Instead, Fatman’s writer and director duo of Ian and Eshom Nelms took their time in getting to the action, developing the characters, and offering bits of humor and heart along the way, including some genuine laugh-out-loud moments. The ridiculous premise works as more than a gag because they put real people inside of it.

In this film, no one is more real than Santa. His problems long predate the appearance of a hired killer at his workshop, and the demon-haunted Gibson is perfect as a gruff, worn-down curmudgeon of a Chris Cringle trying to keep his operation afloat by doing contract work for the Pentagon. Most actors would have made the role a caricature, but Gibson made it real.

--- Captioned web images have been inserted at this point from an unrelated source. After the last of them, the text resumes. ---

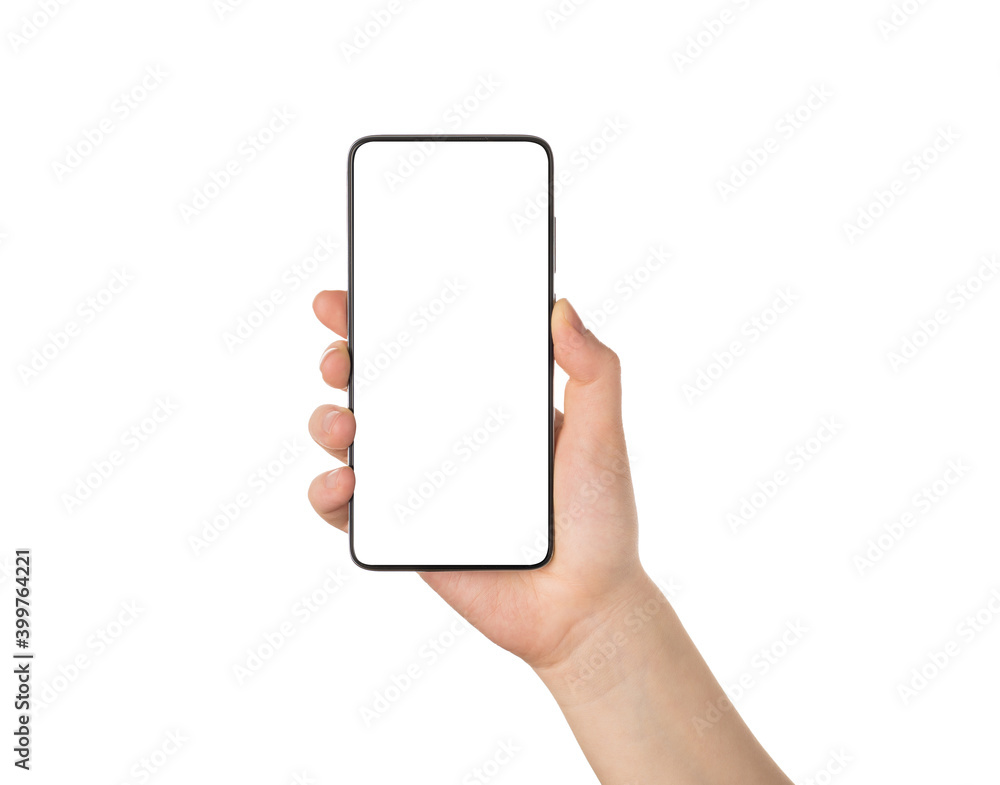 Using modern technology concept. Cropped close up photo of female student hand holding smart phone showing blank white screen isolated background Using modern technology concept. Cropped close up photo of female student hand holding smart phone showing blank white screen isolated background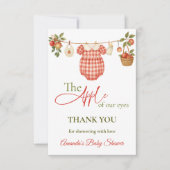 Rustic Locally Grown Clothesline Apple Baby Shower サンキューカード (正面)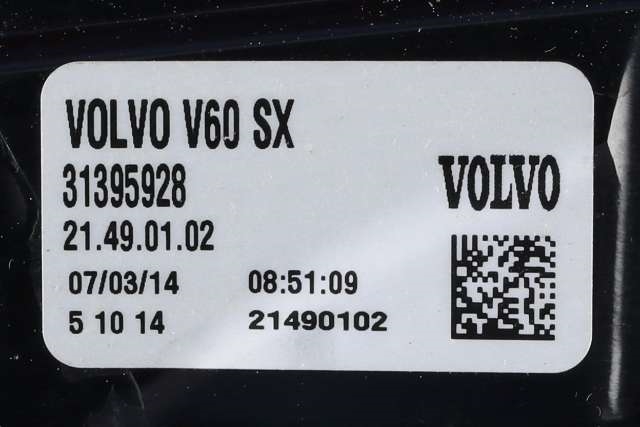 Baklykt venstre til Volvo V60/V60 CC 2013-2018 (Type I, Fase 2)  (VOLVO|31395928|)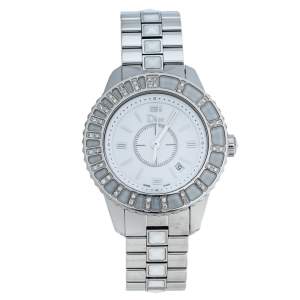 Dior White Stainless Steel Diamonds Christal CD113112-V Women's Wristwatch 33 mm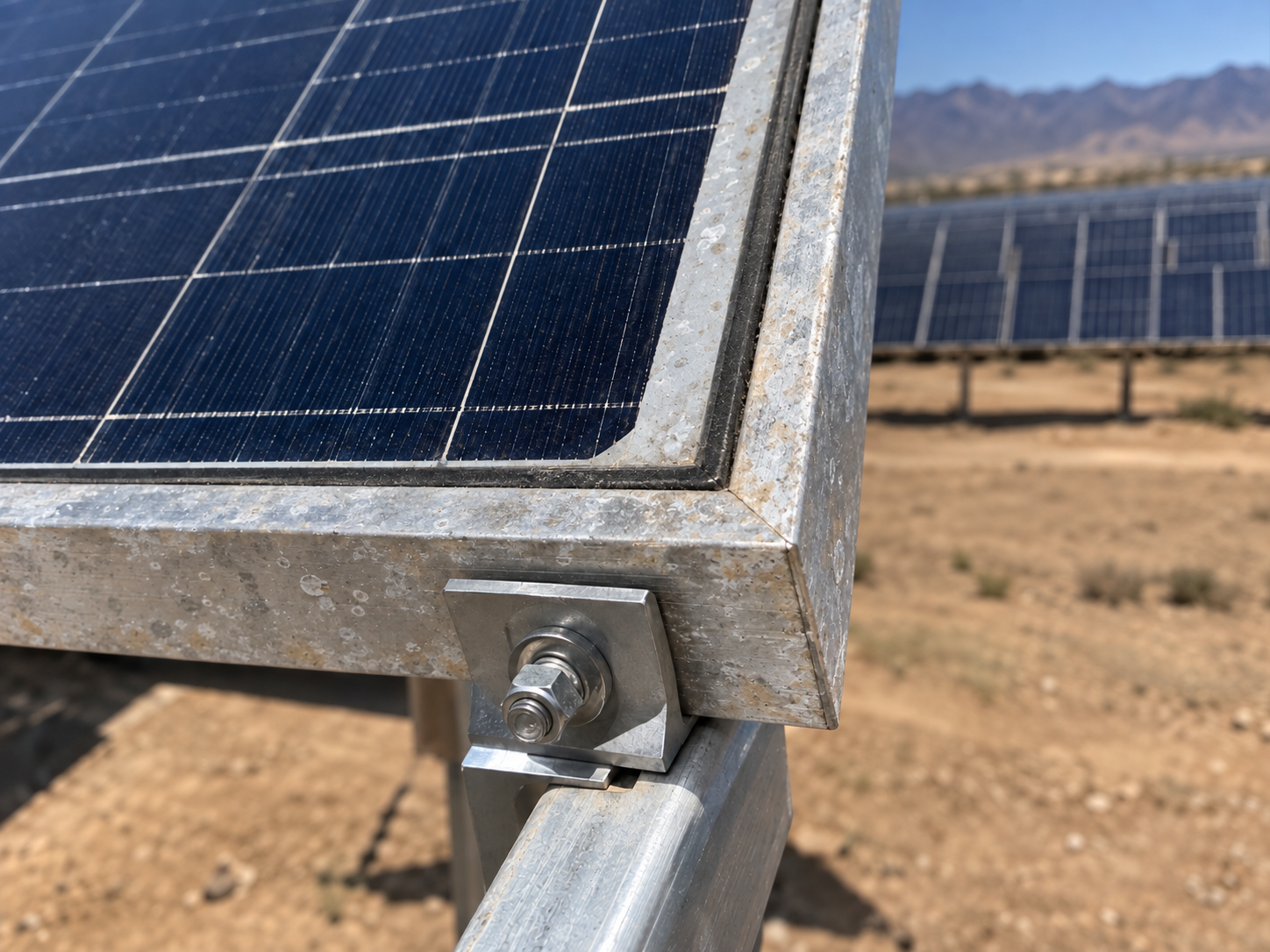 Marco de panel solar afectado por corrosion ambiental Detalle de marco de aluminio y vidrio de panel solar con óxido superficial y acumulación de sarro y salinidad por intemperie.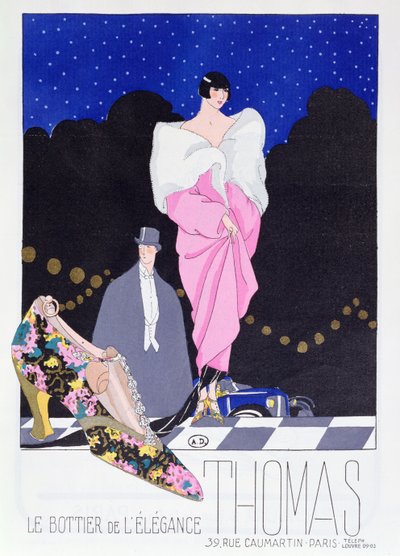 Advertisement for the Bootmaker Thomas from the fashion magazine Art-Gout-Beaute, 1924 by French School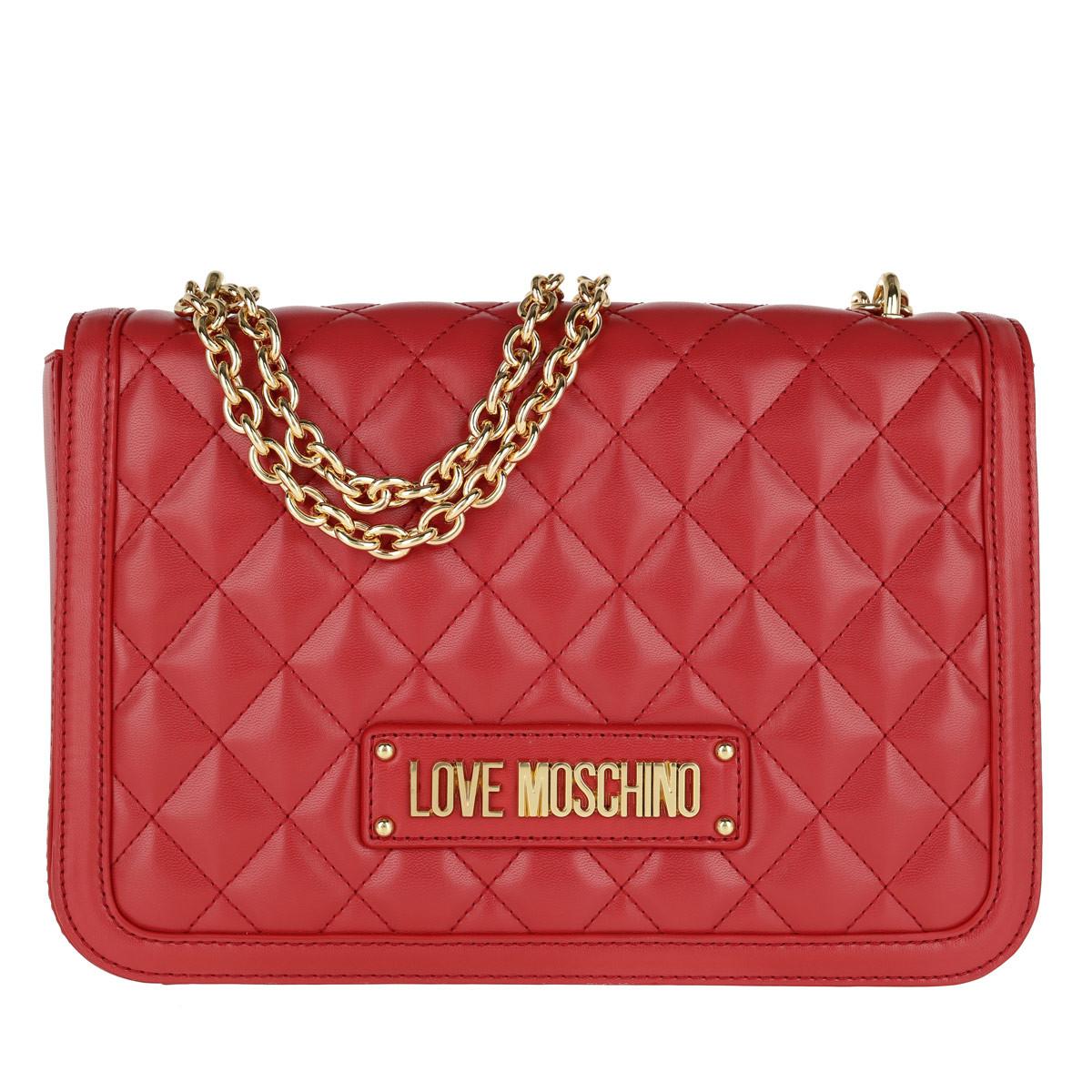 Love Moschino Synthetic Quilted Nappa Pu Chain Crossbody Bag Rosso in ...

Marianne Jean-Baptiste starts quietly in her role as his wife, but she is stealing the show by the end. And Walton Goggins is excellent as the assassin sent by a precocious brat to put the fat man on ice. Each of these characters is able to surprise viewers.

This unexpectedness includes the villains, who are thoroughly wicked, but who are also given moments that show us the pain that propelled them down the paths of evil. The bad guys are made understandable, but without being excused.

This character development is possible because there is not much superfluous flesh on “Fatman.” What is in there is in there for a reason. The filmmakers keep things moving—even a villain montage manages to develop the character, and the call-outs to genre tropes stay brisk.

A few parts of the film did not work as well as the rest. We see enough of the elves to realize they are not what we expect, and to make us have surprising respect for them, but they are still a bit underdeveloped as characters. The representatives of the U.S. military are even more prone to being plot devices than developed as characters.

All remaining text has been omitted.